▸ **Directions**: Output all entries exactly; images excluded.

Start of Records shown

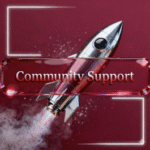 Group logo of Community Support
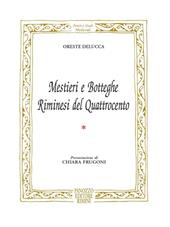 Mestieri e botteghe riminesi del Quattrocento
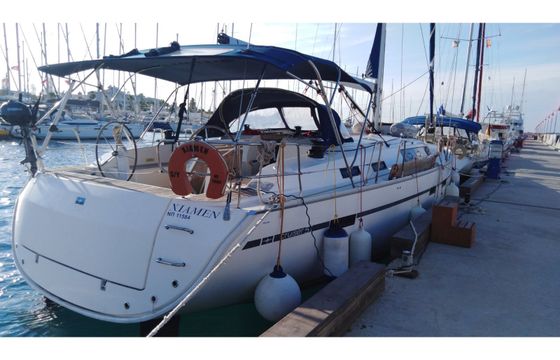S/Y Callisti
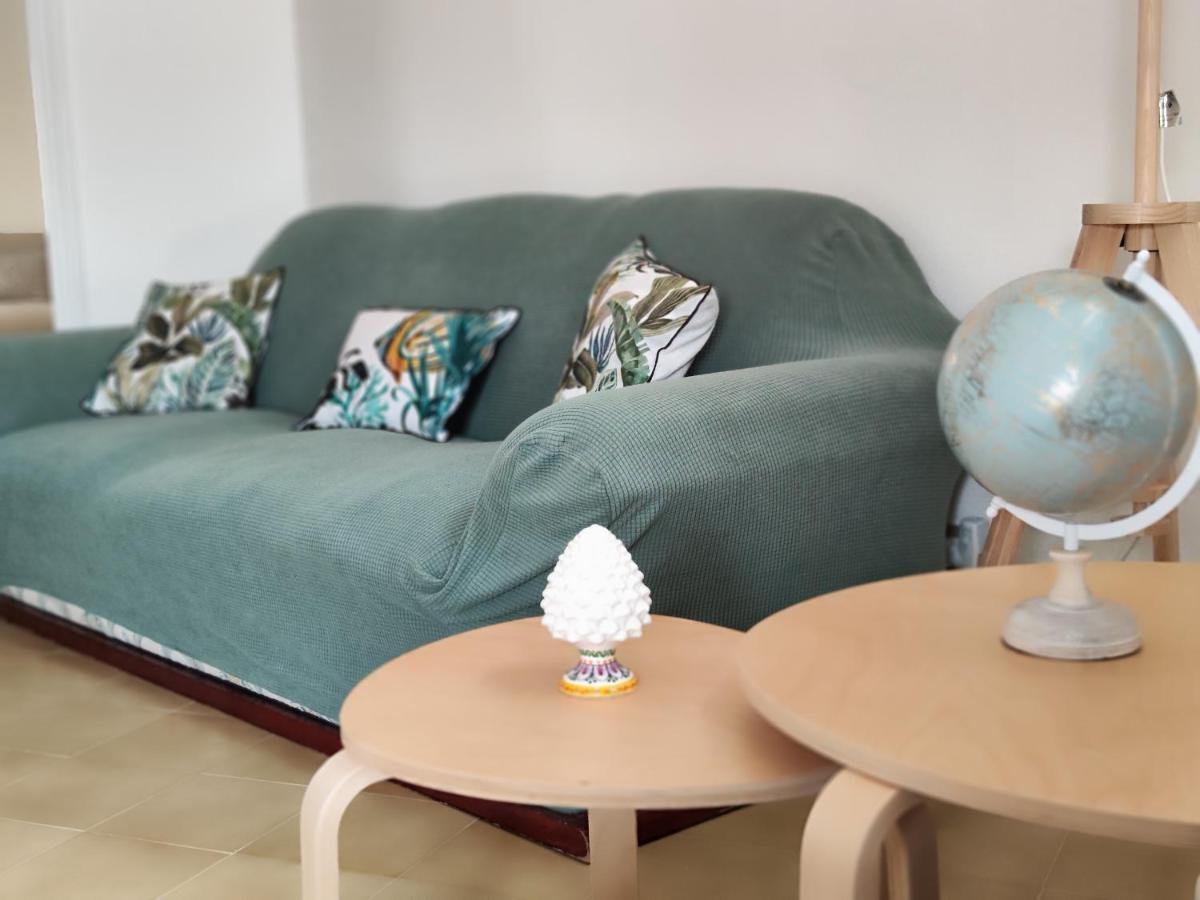 Casa Vacanza - La Tartaruga Milazzo Kültér fotó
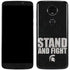 Michigan State University Stand and Fight Moto E5 Plus Skin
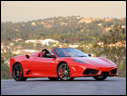 2009 Ferrari Scuderia Spider 16M
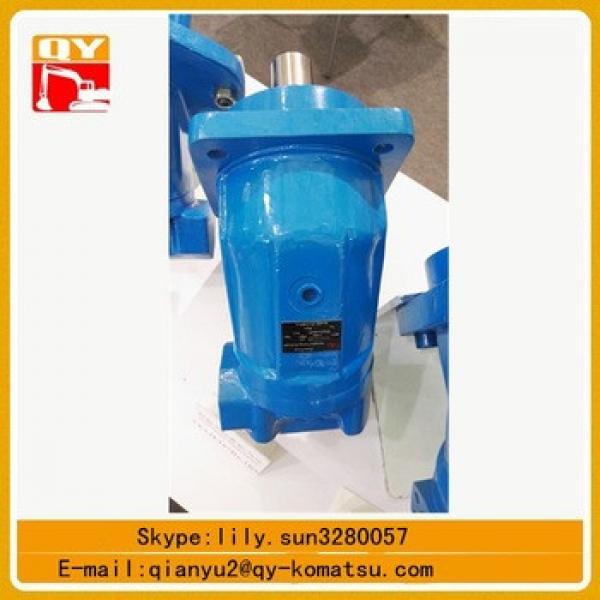 excavator spare parts A2F107 hydraulic axial piston pump #1 image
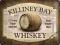 Szyld blaszany bar Killiney Bay Whiskey Prezent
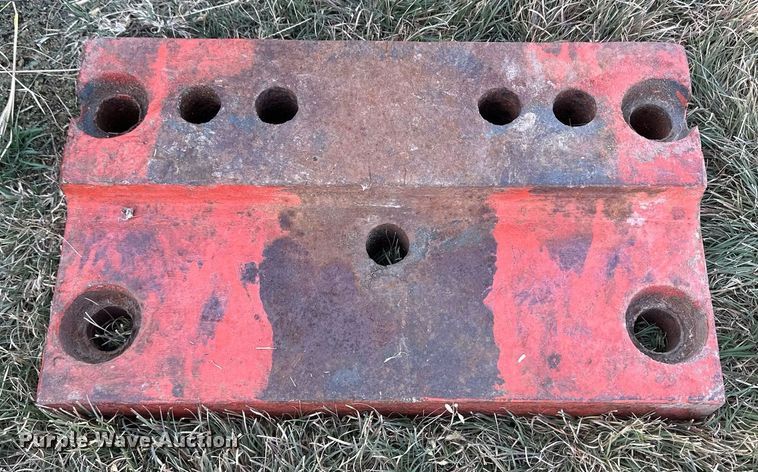 image for item IU9071 Case 932  tractor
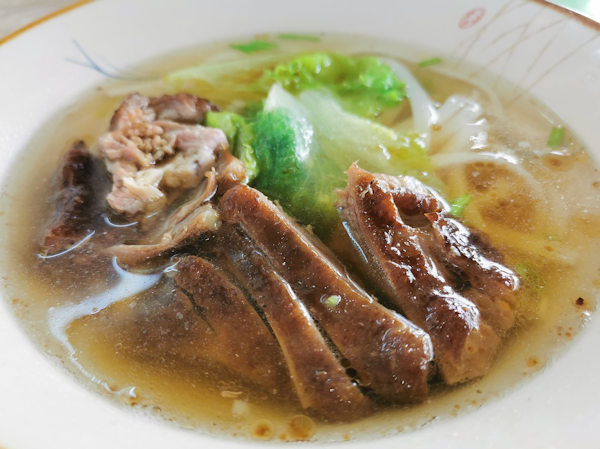 潮州粿条の店（広東省潮州市）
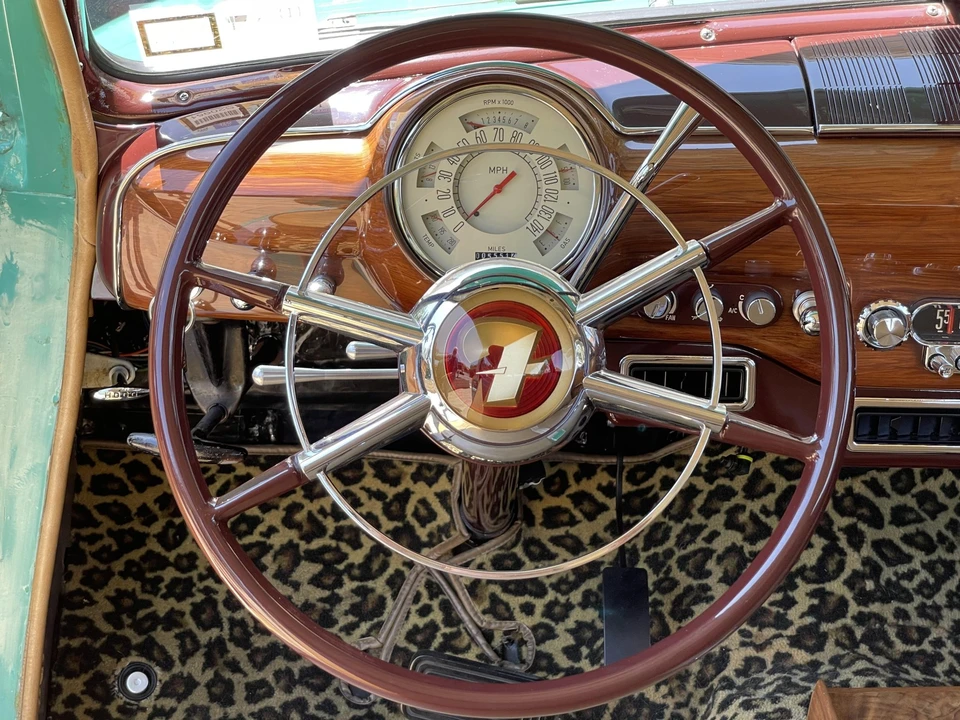 1951 Ford Country Squire - Image 26 of 31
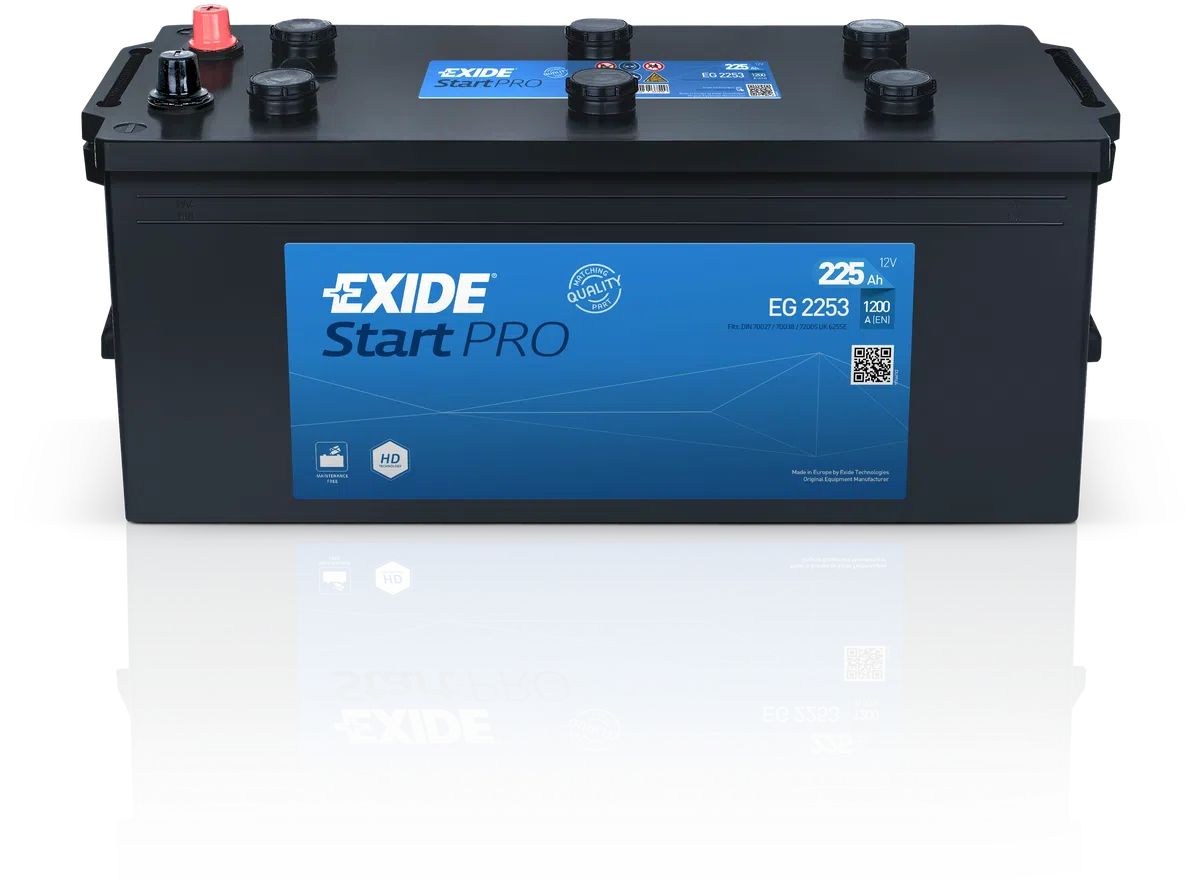 StartPRO Exide EG2253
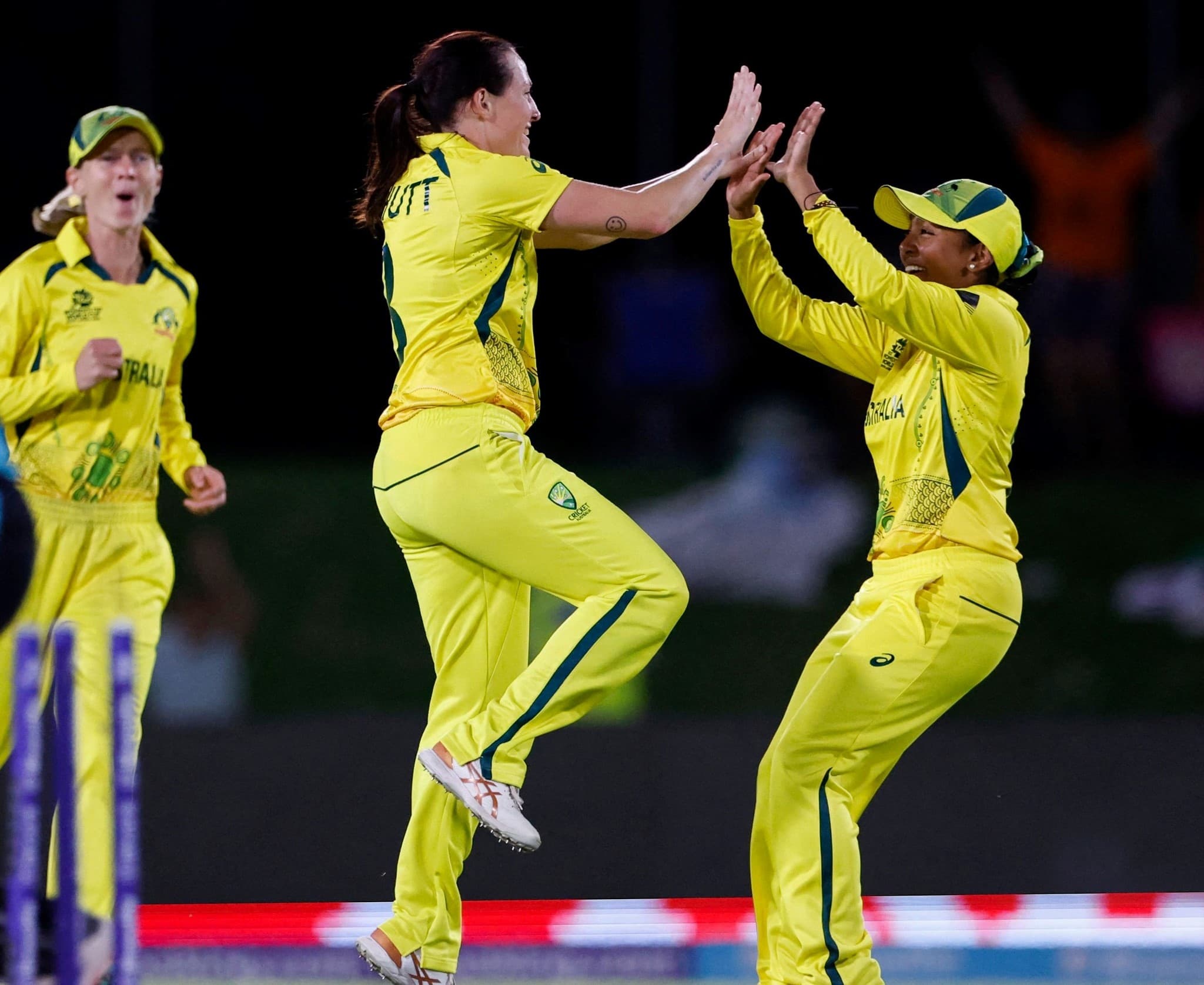 महिला टी-ट्वान्टी विश्वकप : अष्ट्रेलियाको सुखद सुरुआत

End of Records shown

▸ **Answer space**:
 Group logo of Community Support
 Mestieri e botteghe riminesi del Quattrocento
S/Y Callisti
 Casa Vacanza - La Tartaruga Milazzo Kültér fotó
 Michigan State University Stand and Fight Moto E5 Plus Skin
 2009 Ferrari Scuderia Spider 16M
 excavator spare parts A2F107 hydraulic axial piston pump #1 image
 Szyld blaszany bar Killiney Bay Whiskey Prezent
 image for item IU9071 Case 932  tractor
 潮州粿条の店（広東省潮州市）
 1951 Ford Country Squire - Image 26 of 31
 StartPRO Exide EG2253
 महिला टी-ट्वान्टी विश्वकप : अष्ट्रेलियाको सुखद सुरुआत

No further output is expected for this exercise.